So one thing I still don't understand is whether Neo4J a pure graph database is ...

the-alchemist · on Feb 7, 2019

There's pros and cons to deciding whether to go "graph native" or existing DB.

PROS

You can optimize for exactly the types of queries that you want graph databases to answer: shortest path, path finding, etc. Relational databases / document databases are (generally) very poop at those types of queries because those are not the types of queries people want to run on those databases. In a "graph native" database, everything down to the storage on disk can be optimized to perform graph algorithms.

CONS

There's years, sometimes decades, of engineering that goes into databases (I'm thinking of PostgreSQL and Cassandra, both of which have graph "layers" available). A lot of the engineering work is non-graph specific: ACID, how to handle transactions, distributed computing, WAL, replication.

Why re-engineer all of those just to perform graph operations? More quickly.

Also, I can send you a good paper by the founder of DGraph Labs if you're really curious.

tiuPapa · on Feb 7, 2019

I would love to read the DGraph paper.

mistrial9 · on Feb 6, 2019

indexing and search specialized to graph operations is a thing; no experience with those projects, but familiar with some workarounds in Postgres. Basically, the deeper the graph searches, the more the performance drops for relational DBs.

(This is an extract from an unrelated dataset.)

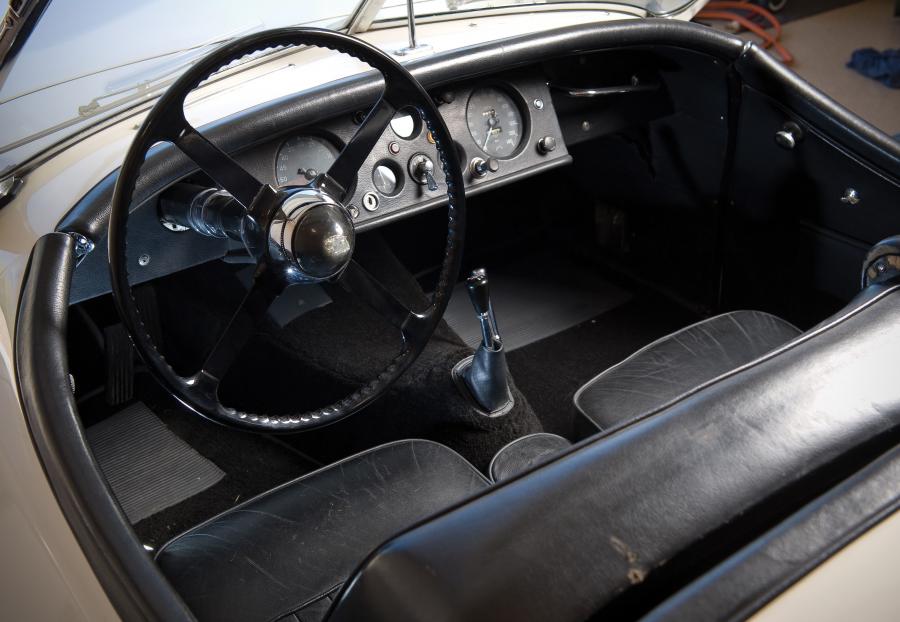  Jaguar XK120 Roadster White 1953 года  (фото 6 из 39)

This is a seriously studied topic, so refer to research for more details

dwater · on Feb 6, 2019

If you want to do a real deep dive into the architectural differences of graph databases, the book "Designing Data-Intensive Applications" by Martin Kleppmann is a great resource. https://www.oreilly.com/library/view/designing-data-intensiv...

tiuPapa · on Feb 7, 2019

Thanks for that book recommendation.